I guess we'd like to have uniform random sampling (like Resevoir Sampling)
--- old code
public static List<Vector> chooseRandomPoints(Iterable<Vector> vectors,
int k) {
List<Vector> chosenPoints = new ArrayList<Vector>(k);
Random random = RandomUtils.getRandom();
for (Vector value : vectors) {
int currentSize = chosenPoints.size();
if (currentSize < k) {
chosenPoints.add(value);
} else if (random.nextInt(currentSize + 1) == 0) { // with chance
1/(currentSize+1) pick new element
int indexToRemove = random.nextInt(currentSize); // evict one
chosen randomly
chosenPoints.remove(indexToRemove);
chosenPoints.add(value);
}
}
return chosenPoints;
}
--- suggested code
public static List<Vector> chooseRandomPoints(Iterable<Vector> vectors, intk) {
List<Vector> chosenPoints = new ArrayList<Vector>(k);
Random random = RandomUtils.getRandom();
// resevoir sampling
int totalSize = 0;
for (Vector value : vectors) {
totalSize++;
int currentSize = chosenPoints.size();
if (currentSize < k) {
chosenPoints.add(value);
} else if (random.nextInt(totalSize) < currentSize) { // with chance
k/totalSize, pick new element
int indexToRemove = random.nextInt(currentSize); // evict one
chosen randomly
chosenPoints.remove(indexToRemove);
chosenPoints.add(value);
}
}
return chosenPoints;
}
------
Am I right ?
Sam
Re: MIA code bug?(Resevoir sampling, RandomPointUtil.java)

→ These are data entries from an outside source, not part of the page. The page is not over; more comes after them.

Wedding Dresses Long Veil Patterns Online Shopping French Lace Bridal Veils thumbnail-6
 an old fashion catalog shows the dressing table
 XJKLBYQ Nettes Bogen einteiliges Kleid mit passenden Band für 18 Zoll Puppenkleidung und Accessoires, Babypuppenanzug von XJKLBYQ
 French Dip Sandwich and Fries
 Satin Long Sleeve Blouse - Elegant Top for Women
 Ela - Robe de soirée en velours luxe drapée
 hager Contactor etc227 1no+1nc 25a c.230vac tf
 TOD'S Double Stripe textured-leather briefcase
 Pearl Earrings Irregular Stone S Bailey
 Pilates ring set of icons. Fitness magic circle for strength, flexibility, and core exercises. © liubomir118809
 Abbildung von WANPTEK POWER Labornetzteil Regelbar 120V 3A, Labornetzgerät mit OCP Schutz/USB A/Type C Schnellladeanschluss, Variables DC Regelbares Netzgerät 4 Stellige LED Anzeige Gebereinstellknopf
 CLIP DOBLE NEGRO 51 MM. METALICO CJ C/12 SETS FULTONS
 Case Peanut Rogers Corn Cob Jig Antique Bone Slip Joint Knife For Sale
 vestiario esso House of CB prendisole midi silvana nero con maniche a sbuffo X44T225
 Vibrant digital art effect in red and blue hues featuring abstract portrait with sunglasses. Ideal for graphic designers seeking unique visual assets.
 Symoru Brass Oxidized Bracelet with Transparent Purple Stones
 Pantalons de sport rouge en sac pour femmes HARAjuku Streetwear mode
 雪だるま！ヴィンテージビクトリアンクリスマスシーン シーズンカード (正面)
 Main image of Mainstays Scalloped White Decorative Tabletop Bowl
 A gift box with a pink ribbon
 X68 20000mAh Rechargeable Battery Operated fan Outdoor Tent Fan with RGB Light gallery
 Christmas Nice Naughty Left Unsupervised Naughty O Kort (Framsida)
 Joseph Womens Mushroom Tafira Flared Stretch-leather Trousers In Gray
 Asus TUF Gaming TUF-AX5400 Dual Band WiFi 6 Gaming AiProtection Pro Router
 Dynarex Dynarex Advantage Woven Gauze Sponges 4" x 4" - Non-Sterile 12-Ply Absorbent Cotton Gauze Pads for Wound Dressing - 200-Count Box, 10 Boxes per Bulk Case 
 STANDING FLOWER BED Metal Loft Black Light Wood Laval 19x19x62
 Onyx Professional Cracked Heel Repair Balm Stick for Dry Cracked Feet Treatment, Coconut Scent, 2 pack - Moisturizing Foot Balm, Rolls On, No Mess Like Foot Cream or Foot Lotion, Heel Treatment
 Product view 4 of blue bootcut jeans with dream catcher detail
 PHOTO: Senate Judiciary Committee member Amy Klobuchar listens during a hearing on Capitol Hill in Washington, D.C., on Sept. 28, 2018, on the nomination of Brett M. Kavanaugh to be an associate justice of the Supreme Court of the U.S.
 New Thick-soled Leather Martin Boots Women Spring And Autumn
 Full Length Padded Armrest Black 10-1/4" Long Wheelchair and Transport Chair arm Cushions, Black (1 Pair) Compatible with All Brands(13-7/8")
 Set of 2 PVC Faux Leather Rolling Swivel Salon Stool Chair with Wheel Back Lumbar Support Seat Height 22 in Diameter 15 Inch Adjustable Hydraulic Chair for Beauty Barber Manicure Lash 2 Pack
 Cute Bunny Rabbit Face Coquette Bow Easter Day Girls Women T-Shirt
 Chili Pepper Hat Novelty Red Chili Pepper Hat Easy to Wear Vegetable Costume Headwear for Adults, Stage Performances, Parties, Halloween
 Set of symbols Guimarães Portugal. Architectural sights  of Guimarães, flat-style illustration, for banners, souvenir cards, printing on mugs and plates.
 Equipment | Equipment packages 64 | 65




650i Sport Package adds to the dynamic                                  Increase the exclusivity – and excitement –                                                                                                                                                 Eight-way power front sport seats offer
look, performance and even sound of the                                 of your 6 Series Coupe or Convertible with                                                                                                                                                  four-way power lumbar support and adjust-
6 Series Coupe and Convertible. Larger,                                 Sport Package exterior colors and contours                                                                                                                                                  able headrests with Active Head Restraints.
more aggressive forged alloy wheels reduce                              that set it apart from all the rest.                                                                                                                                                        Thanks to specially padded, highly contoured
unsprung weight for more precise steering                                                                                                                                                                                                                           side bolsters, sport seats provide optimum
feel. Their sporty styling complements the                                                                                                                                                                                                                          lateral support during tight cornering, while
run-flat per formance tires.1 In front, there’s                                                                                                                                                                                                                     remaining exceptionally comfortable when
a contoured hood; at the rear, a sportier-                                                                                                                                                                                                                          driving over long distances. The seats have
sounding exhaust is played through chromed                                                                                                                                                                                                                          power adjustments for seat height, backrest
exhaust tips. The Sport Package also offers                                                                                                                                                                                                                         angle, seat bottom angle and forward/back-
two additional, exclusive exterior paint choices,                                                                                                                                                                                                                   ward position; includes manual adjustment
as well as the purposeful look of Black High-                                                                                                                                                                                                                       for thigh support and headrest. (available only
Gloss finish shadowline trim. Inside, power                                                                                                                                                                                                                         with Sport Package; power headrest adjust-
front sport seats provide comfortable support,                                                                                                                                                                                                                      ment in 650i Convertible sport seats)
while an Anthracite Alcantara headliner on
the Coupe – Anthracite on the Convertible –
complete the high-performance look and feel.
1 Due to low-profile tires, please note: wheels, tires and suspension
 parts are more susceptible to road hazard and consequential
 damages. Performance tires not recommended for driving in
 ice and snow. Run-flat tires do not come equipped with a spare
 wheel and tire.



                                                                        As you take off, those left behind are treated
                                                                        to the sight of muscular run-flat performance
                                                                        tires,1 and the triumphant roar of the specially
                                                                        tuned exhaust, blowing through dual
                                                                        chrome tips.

Posted by Ted Dunning <te...@gmail.com>.
Looks like it.
Steps from here include:
1) file a JIRA
2) Can you produce a test case to make the case?
3) one of us commits the fix.
On Sat, Jan 12, 2013 at 2:58 PM, sam wu <sw...@gmail.com> wrote:
> Hi,
>
> I think in MIA code, ch09, RandomPointUtil.java , chooseRandomPoints()
> method is ?????
> I guess we'd like to have uniform random sampling (like Resevoir Sampling)
>
> --- old code
>
> public static List<Vector> chooseRandomPoints(Iterable<Vector> vectors,
> int k) {
>
> List<Vector> chosenPoints = new ArrayList<Vector>(k);
>
> Random random = RandomUtils.getRandom();
>
> for (Vector value : vectors) {
>
> int currentSize = chosenPoints.size();
>
> if (currentSize < k) {
>
> chosenPoints.add(value);
>
> } else if (random.nextInt(currentSize + 1) == 0) { // with chance
> 1/(currentSize+1) pick new element
>
> int indexToRemove = random.nextInt(currentSize); // evict one
> chosen randomly
>
> chosenPoints.remove(indexToRemove);
>
> chosenPoints.add(value);
>
> }
>
> }
>
> return chosenPoints;
>
> }
>
> --- suggested code
>
> public static List<Vector> chooseRandomPoints(Iterable<Vector> vectors,
> intk) {
>
> List<Vector> chosenPoints = new ArrayList<Vector>(k);
>
> Random random = RandomUtils.getRandom();
>
> // resevoir sampling
>
> int totalSize = 0;
>
> for (Vector value : vectors) {
>
> totalSize++;
>
> int currentSize = chosenPoints.size();
>
> if (currentSize < k) {
>
> chosenPoints.add(value);
>
> } else if (random.nextInt(totalSize) < currentSize) { // with chance
> k/totalSize, pick new element
>
> int indexToRemove = random.nextInt(currentSize); // evict one
> chosen randomly
>
> chosenPoints.remove(indexToRemove);
>
> chosenPoints.add(value);
>
> }
>
>
>
> }
>
> return chosenPoints;
>
> }
>
> ------
>
> Am I right ?
>
> Sam
>